Rosamund Pike tem o grande papel da carreira e até Ben Affleck é convincente na pele do marido apático e indolente.




SOUNDCHECK:

«TOCO Y ME VOY» - de Bersuit Vergarabat.
A Argentina grita futebol. Paixão, amor, obsessão, uma mistura tóxica, nem sempre inteligível e raras vezes racional. Esta paleta de emoções, facilmente identificáveis como antagónicas, provoca um chafariz criativo único. Talvez só no Brasil seja tão complexo como irresistível.

É desta Argentina que sai esta composição encantadora. Sobre futebol, claro. A banda chama-se Bersuit Vergarabat e mistura a cumbia, o tango e o ska com rock. Uma música doce e furiosa, a imagem perfeita da relação entre argentinos e o desporto que tanto amam.

«Te la toco de primera
vos si querés la agarrás
cada jugada que sueño se hace realidad
o pareciera... algo casual.

Aunque pongas la barrera
yo te la mando a guardar
toda la vida es un baile y te pueden bailar
aunque no quieras, lo verás
en una cancha o en un bar...

Dando la vuelta manija me doy
subiendo al latido de esta vibración,
caño, taquito, chilena y tablón
el fuego sagrado de mi corazón ...

Toco y me voy
la camiseta es como un dios
toco y me voy
no importa cuál sea el color...»




PS: «This Is All Yours» - dos Alt-J.
Percorrer o labirinto de som dos rapazes de Leeds é tão desafiador como gratificante. Não encontro melhor imagem. É como se alguém me largasse num sítio desconhecido (não confundir com desolador) e me obrigasse a recolher provas até codificar o caminho para casa.

Em 2012, o primeiro álbum dos Alt-J foi o que mais tocou cá em casa. O melhor que ouvi nesse ano. Agora regressam e transportam – reduzidos a trio, após o abandono do baixista Gwil Sansbury – o som inclassificável, embora facilmente identificável, do primeiro trabalho de estúdio.

Os putos podem ter cara de xadrezistas nerds, mas sabem muito disto. E estão mais arrojados e confiantes. Colam um sample de Miley Cyrus a uma batida eletro-rock, sopram uma flauta oriental e cobrem-na de coros celestiais.

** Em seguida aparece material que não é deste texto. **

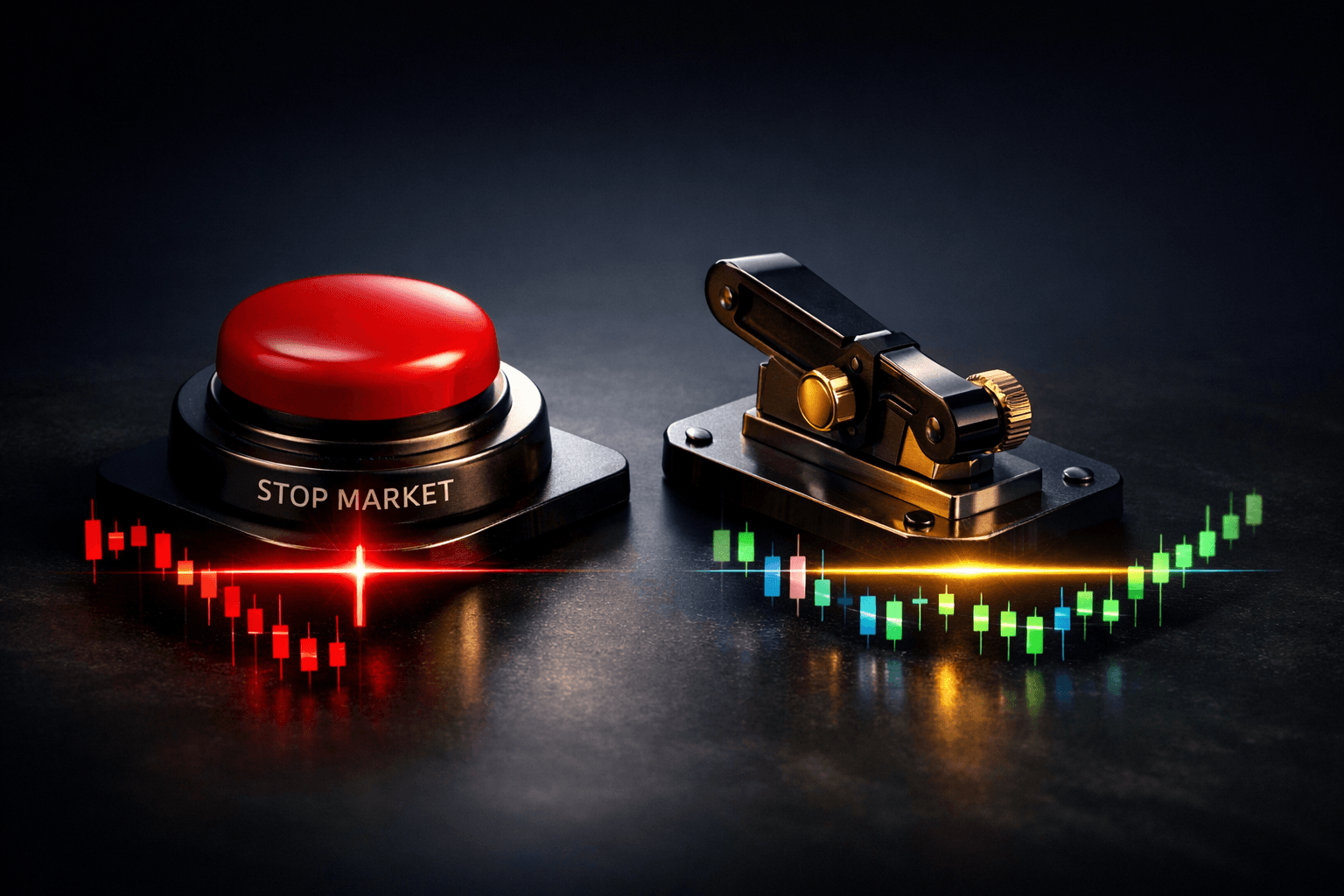 Stop Orders Without Regret: Stop-Market vs Stop-Limit Explained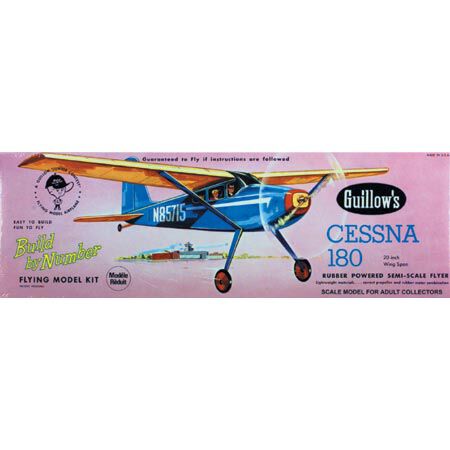 Guillow Cessna 180 Kit, 20"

Não é um disco convencional. É um disco intrincado, enredado em misteriosos nós. É um grande disco.




VIRAR A PÁGINA:


«SOCCERNOMICS» - de Simon Kuper e Stefan Szymanski
Reparem bem no subtítulo deste livro, publicado em 2009: «Por que perde a Inglaterra? Por que ganham Alemanha e Brasil? Por que EUA, Japão, Austrália, Turquia – e até o Iraque – estão destinados a ser os reis do desporto mais famoso do mundo?»

Simon Kuper, autor do soberbo Football Against the Enemy, pretende olhar para «os clubes», «os adeptos» e «os países», apresentando conclusões e respostas curiosas para algumas das questões que andam na boca dos consumidores de futebol.

Não é um livro tão fluído como o antecessor supracitado. Alguns capítulos são, aliás, maçadores, mas outros compensam sobremaneira essas partes menos inspiradas.

O mais impressionante em toda a obra é a quantidade espantosa de estatísticas, dados, gráficos, tudo explicado até ao mais ínfimo pormenor, ou não fosse a autoria deste livro partilhada por um jornalista desportivo e um economista (Szymanski).